People have come out of the woodwork offering us support. Friends, unknown relatives, complete strangers, enemies. It has been humbling and enriching in ways I could have never imagined. Somehow Malachi's diagnosis has made giving to our family possible in ways that it just simply wouldn't be if he were typical. I see friends with typical twins struggle with some of the same stressors and worries that we have and yet no one offers to pay their medical bills or buy airplane tickets or give free childcare. Many of those things we still would have needed had Malachi not had a brain bleed, but I doubt such a "normal" life would have inspired so many to give so generously.
I hope I'm not too out of line to suggest that these selfless acts have enriched our donors' lives in addition to our own. The sense of connection and empowerment they feel in fulfilling our needs was made easier by the extremity of Malachi's needs. If he didn't experience disability, neither we nor the donors would have experienced this font of love and generosity.
But then I remember that the majority of the money we've been handed has been towards his development, and I despair that it's all been for naught. Yes, he is verbal; yes, he is remarkably bright; yes, his fine motor skills have improved enormously; yes, he adores his therapy sessions; yes, his movements appear increasingly graceful and energetic; and yes, I attribute much of this to his many Anat Baniel Method lessons. But will he ever walk or — for Christ's sake — even SIT?? That is the question that burns in my mind and makes me doubt whether I have shepherded our community's resources wisely towards an unproven method of therapy.

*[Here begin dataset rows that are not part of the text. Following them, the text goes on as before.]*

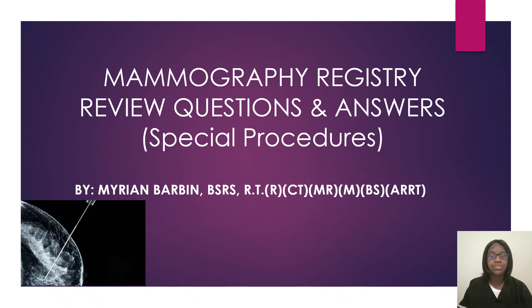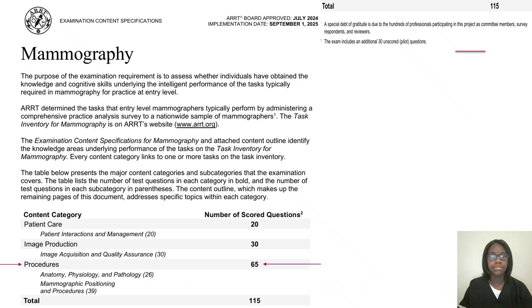Hello, welcome back to another registry review. This will be for mammography, and I have questions and answers. The topic in today's video will be special procedures. So we'll be talking about biopsies and other imaging modalities in radiology. This is the content specification for ARRT. There will be about 65 questions under procedures, and you can use this for any registry review or board exam that you will be taking.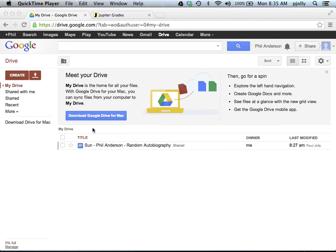In addition to giving you feedback on essays where I write directly on the paper, or if you give a speech in class where I'll use a rubric to evaluate your speech, you can also get feedback about your work in two other places, and I want to make sure you check them regularly.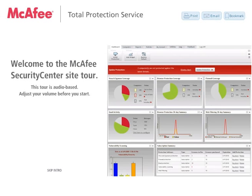Welcome to the McAfee Security Center Site Tour. The McAfee Security Center is a unique online management tool that lets you control your McAfee Total Protection Service centrally for each computer within your company.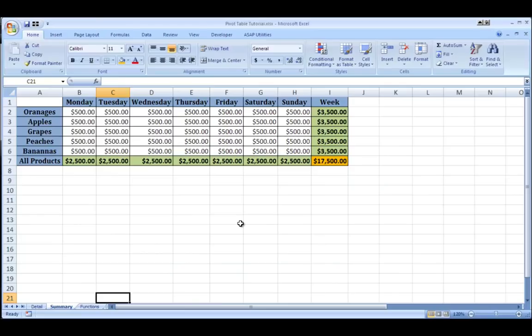Hi, this is Chris Masiello of VitaminCM.com and today I'm going to show you how to use pivot tables to analyze your Excel data more effectively.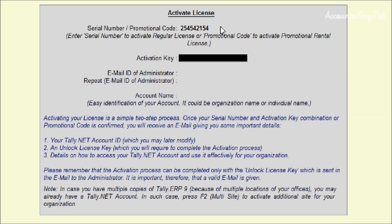And after that, the activation key. This activation key you can get through email from the Tally Solutions Private Limited. Just open your inbox and type the activation key.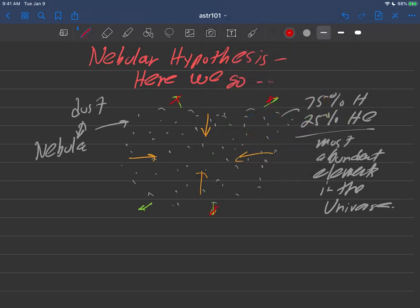But what gravity likely did, through one of those physics things that we need here, is that it started to pull the dust together. So maybe there's a clump right there that might get attracted to this clump right here, and this clump right here might get attracted to that clump right there, and it would just start to come together.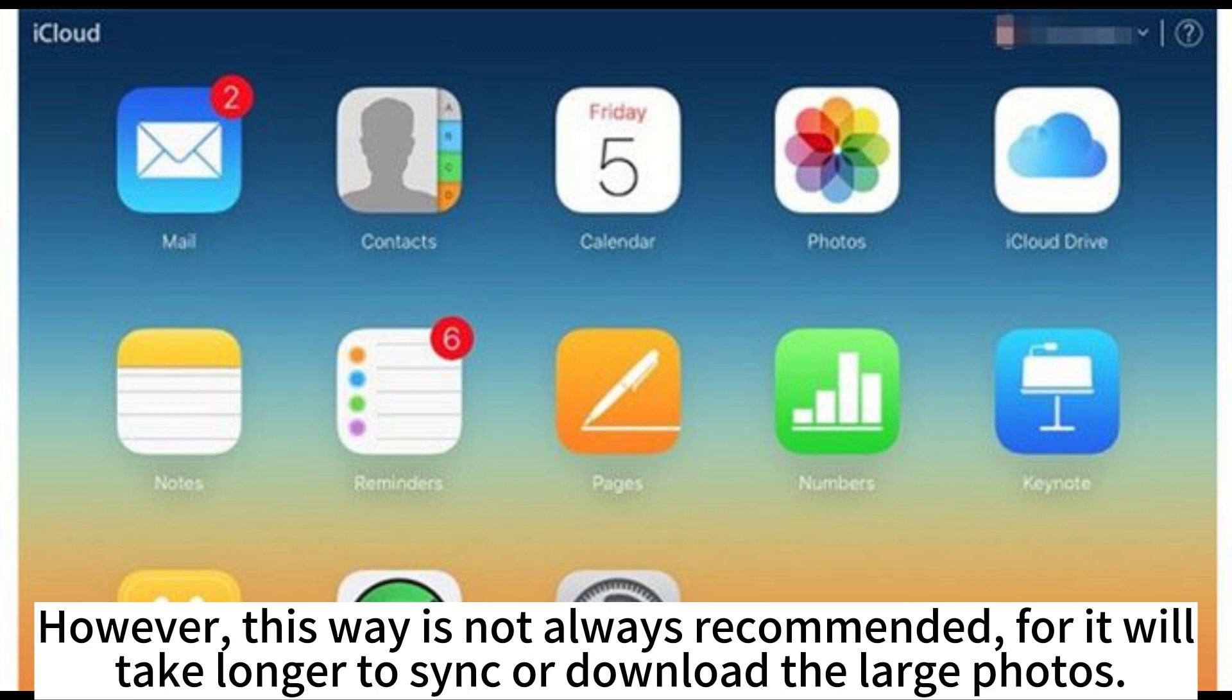However, this way is not always recommended, for it will take longer to sync or download the large photos.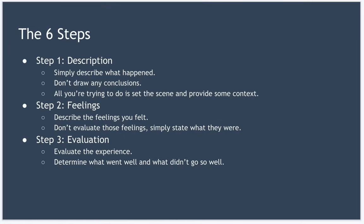The third step is evaluation. In this step we objectively evaluate the experience. Here we're trying to determine what went well and what didn't go so well. And it's really essential to be honest, as honest as possible, to get the most out of this process. Some questions that can help you: What went well? What didn't go so well?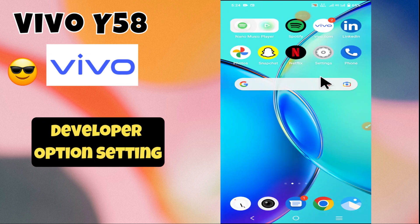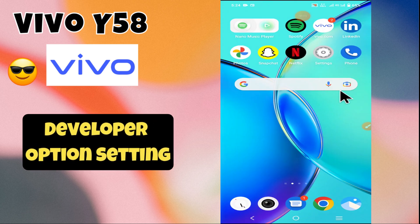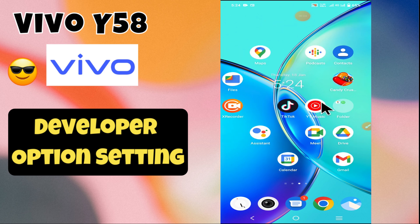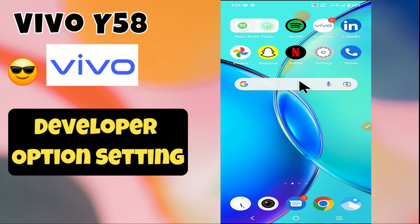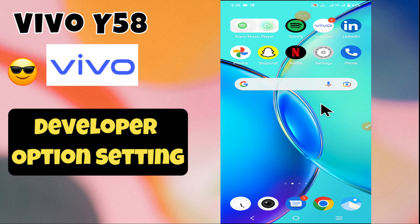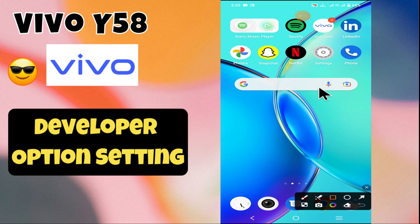Hey everyone, welcome back to my YouTube channel. In today's video, I'm going to show you how to manage developer option settings in your Vivo Y58 — specifically, how to enable developer options. Before we get started, don't forget to hit the subscribe button and the notification bell so you never miss out on any videos and stay updated. Let's get started.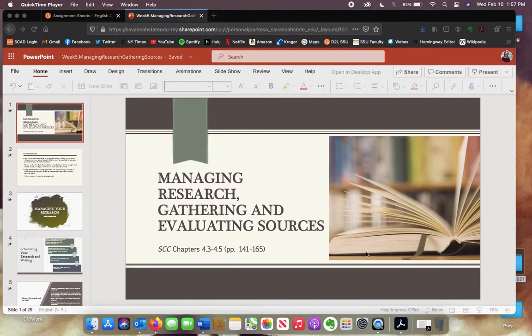Today we are going to go over some different things about managing your research and gathering and evaluating sources, because we are about to start on the literature review assignment. Now that you have finished your topic essay and got your topic nailed down, you're going to start looking at the different sources you might be using, comparing and contrasting them.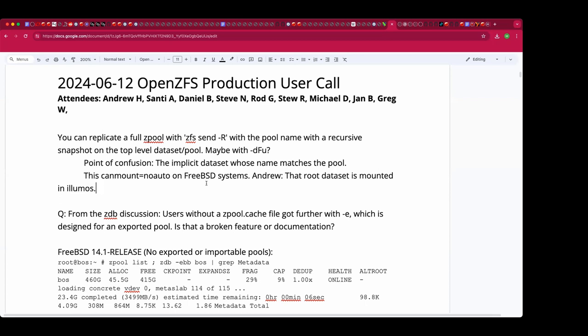Most people have a single pool situation set up by the BSD installer and are just adding datasets to it. They don't run into these scenarios of creating pools on other disks. It's preferable to keep the operating system and bulk data separate, because it means you can move bulk storage to another system. You can't beat the bandwidth of just plugging your JBOD into a different controller — never underestimate the bandwidth of a Volkswagen full of drives.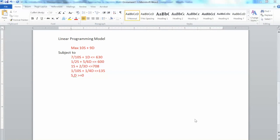Hi everyone. In this video, I will demonstrate how to use Lingo to solve a linear programming model.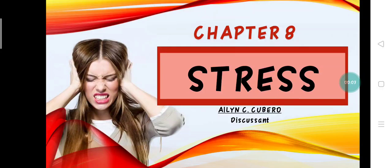Hi everyone, this is Aileen C. Cabrero, one of the discussants for Chapter 8, which is all about focusing and stress. For the information of everybody, I am the last reporter for this chapter.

To be sure, the process — both in receiving such generosity and learning so much about how the brain (and therefore, humanity) works — has been uplifting and joyous and beautiful. But the outcome is still so murky and it is that which keeps me up at night, wondering if this story will end in tragedy or triumph.
I believe that what I am slowly, slowly learning is that life is the process. If the process is good, that's all there needs to be, because there is actually no such thing as an outcome. Only never-ending processes, on and on, until the end of time. The process that began with Malachi's diagnosis was a catastrophe but kept right on proceeding into blessings, and that, that is the story that really matters.